Is DangerMouse a parody/homage of Danger Man? If so, is this fact worthy of a mention in this article? Applejuicefool (talk) 19:08, 12 May 2008 (UTC)

  • While it's probable that the title is a play on the Danger Man title, as far as I know it's just a general Bond parody. Beyond the title there don't seem to be any elements suggestive of Danger Man, and for it to be a parody there needs to be similarities of some sort. 23skidoo (talk) 19:50, 12 May 2008 (UTC)
They're both about British secret agents... Applejuicefool (talk) 18:26, 16 May 2008 (UTC)

[edit] Peter Yates?

Why does this page have a 'Peter Yates' navbox at the bottom? That name doesn't appear anywhere else in the article. --Masamage 03:54, 4 June 2008 (UTC)
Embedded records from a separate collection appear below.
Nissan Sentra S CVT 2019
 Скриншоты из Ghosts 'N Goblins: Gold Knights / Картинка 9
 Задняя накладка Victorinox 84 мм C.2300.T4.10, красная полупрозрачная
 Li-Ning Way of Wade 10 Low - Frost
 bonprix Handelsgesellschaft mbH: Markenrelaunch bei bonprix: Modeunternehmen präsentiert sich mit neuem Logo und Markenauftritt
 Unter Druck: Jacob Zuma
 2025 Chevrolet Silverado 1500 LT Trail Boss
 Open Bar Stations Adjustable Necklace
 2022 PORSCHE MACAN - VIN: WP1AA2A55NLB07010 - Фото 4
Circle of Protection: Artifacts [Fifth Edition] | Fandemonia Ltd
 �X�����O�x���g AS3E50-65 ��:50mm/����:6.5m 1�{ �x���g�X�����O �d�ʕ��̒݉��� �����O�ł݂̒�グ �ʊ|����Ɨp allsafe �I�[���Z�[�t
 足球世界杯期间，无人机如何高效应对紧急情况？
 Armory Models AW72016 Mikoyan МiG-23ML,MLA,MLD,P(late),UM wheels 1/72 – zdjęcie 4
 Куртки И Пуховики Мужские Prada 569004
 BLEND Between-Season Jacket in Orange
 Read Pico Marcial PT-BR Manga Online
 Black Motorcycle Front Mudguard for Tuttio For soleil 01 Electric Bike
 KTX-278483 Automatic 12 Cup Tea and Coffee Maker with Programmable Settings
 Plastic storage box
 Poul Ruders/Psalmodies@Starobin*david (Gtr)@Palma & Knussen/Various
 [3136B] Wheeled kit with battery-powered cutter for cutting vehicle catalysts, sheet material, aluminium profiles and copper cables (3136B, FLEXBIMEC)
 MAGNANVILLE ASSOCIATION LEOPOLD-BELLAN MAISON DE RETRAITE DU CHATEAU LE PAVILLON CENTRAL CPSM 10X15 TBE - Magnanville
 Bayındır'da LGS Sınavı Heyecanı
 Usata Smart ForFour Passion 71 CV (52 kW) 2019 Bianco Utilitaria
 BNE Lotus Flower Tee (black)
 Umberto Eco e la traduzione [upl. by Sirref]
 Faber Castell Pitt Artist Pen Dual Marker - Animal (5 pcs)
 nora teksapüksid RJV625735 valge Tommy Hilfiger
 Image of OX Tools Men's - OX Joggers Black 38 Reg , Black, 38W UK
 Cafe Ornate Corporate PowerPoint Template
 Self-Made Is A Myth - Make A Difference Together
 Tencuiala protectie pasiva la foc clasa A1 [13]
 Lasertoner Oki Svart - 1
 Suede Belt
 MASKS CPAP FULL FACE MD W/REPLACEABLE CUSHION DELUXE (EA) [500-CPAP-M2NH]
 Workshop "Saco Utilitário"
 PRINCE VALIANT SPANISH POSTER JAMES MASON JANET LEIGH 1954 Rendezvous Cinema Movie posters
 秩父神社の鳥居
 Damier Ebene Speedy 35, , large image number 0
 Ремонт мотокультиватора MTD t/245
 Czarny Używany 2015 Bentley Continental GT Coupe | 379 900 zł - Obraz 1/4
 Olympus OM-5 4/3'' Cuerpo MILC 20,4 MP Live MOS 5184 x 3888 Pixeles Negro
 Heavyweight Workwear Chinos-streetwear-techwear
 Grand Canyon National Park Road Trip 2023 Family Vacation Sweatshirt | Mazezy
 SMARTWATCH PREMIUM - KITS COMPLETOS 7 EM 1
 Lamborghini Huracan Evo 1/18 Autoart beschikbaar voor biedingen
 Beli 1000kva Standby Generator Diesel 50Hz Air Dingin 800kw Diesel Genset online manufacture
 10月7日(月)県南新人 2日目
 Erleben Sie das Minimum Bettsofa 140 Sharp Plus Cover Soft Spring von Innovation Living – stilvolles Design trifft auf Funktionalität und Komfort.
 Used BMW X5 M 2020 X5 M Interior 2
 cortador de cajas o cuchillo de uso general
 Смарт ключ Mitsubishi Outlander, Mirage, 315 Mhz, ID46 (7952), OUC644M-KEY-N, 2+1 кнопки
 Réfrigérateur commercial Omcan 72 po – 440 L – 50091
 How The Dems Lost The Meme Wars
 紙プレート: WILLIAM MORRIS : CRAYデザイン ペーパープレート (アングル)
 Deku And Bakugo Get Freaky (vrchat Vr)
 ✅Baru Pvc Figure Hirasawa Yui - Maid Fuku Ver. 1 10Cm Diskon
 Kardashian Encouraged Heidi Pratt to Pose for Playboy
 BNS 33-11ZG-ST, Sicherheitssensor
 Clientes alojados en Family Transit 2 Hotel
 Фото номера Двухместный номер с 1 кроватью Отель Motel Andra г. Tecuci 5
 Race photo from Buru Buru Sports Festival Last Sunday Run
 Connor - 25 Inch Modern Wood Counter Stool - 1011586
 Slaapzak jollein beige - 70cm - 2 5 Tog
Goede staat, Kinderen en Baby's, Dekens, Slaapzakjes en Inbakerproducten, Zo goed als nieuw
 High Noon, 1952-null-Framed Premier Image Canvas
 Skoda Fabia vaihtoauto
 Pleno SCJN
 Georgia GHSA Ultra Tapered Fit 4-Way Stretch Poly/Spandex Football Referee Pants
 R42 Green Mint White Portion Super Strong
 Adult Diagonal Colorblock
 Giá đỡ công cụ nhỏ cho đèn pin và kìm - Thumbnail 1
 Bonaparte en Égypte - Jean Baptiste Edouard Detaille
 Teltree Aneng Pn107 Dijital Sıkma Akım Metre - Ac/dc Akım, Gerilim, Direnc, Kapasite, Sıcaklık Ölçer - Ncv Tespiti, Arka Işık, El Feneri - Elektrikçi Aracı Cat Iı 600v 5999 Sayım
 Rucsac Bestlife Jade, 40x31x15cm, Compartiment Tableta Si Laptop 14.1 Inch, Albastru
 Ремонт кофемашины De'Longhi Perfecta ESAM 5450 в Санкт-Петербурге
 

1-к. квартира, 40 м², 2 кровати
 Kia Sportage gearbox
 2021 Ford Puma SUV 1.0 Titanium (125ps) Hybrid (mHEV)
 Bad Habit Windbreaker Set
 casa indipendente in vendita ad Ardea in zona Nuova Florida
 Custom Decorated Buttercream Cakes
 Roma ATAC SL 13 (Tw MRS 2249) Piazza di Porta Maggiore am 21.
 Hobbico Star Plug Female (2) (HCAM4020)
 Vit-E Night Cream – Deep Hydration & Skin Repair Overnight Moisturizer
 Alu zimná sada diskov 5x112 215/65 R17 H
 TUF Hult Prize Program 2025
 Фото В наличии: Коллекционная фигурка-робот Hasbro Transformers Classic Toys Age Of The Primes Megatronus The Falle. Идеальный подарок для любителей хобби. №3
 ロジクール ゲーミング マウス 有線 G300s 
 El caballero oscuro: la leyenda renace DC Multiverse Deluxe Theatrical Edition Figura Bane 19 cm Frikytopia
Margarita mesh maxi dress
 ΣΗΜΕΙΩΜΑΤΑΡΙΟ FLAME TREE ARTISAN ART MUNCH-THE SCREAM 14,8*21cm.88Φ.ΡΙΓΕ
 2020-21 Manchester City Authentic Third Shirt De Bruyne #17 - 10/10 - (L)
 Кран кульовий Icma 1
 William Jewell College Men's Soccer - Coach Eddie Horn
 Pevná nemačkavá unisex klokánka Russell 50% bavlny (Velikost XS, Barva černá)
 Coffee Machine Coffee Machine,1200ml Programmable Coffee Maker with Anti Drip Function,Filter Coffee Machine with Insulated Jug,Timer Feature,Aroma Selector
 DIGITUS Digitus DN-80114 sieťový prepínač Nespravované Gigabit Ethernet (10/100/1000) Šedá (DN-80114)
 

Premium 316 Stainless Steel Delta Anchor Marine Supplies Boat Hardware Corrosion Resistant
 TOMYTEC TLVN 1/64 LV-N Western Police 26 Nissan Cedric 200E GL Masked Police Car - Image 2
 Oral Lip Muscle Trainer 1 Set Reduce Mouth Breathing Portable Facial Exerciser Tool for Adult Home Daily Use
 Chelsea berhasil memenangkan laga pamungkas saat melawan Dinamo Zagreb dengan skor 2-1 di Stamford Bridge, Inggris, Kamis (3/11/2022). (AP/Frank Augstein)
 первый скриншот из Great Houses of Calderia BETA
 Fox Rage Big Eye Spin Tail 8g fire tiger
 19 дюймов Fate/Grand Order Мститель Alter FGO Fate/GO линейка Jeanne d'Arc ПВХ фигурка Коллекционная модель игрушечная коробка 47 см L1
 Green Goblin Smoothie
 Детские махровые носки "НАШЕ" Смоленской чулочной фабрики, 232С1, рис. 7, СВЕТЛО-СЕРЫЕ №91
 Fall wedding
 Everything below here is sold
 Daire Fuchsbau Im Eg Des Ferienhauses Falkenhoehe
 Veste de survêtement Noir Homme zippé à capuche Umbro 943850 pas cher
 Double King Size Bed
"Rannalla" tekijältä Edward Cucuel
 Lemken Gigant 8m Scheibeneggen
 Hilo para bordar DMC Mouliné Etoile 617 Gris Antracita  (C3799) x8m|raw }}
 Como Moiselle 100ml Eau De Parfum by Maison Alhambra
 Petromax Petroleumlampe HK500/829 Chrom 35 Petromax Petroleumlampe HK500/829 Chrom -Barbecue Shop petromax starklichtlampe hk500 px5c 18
  • Good question. I'll remove it. 23skidoo (talk) 12:08, 4 June 2008 (UTC)
    • Actually I've decided to put it back. Upon further investigation, Yates directed six episodes of the series and went on to direct a number of noted movies including Bullitt. What needs to be added is a reference to this in the article. If he'd only been a guest star, or only directed a single episode, I might have taken it off, but his involvement was a bit more substantial. 23skidoo (talk) 12:12, 4 June 2008 (UTC)
      • Cool. You're right, the thing to do is add a mention of him. Thanks for looking into that. --Masamage 15:03, 4 June 2008 (UTC)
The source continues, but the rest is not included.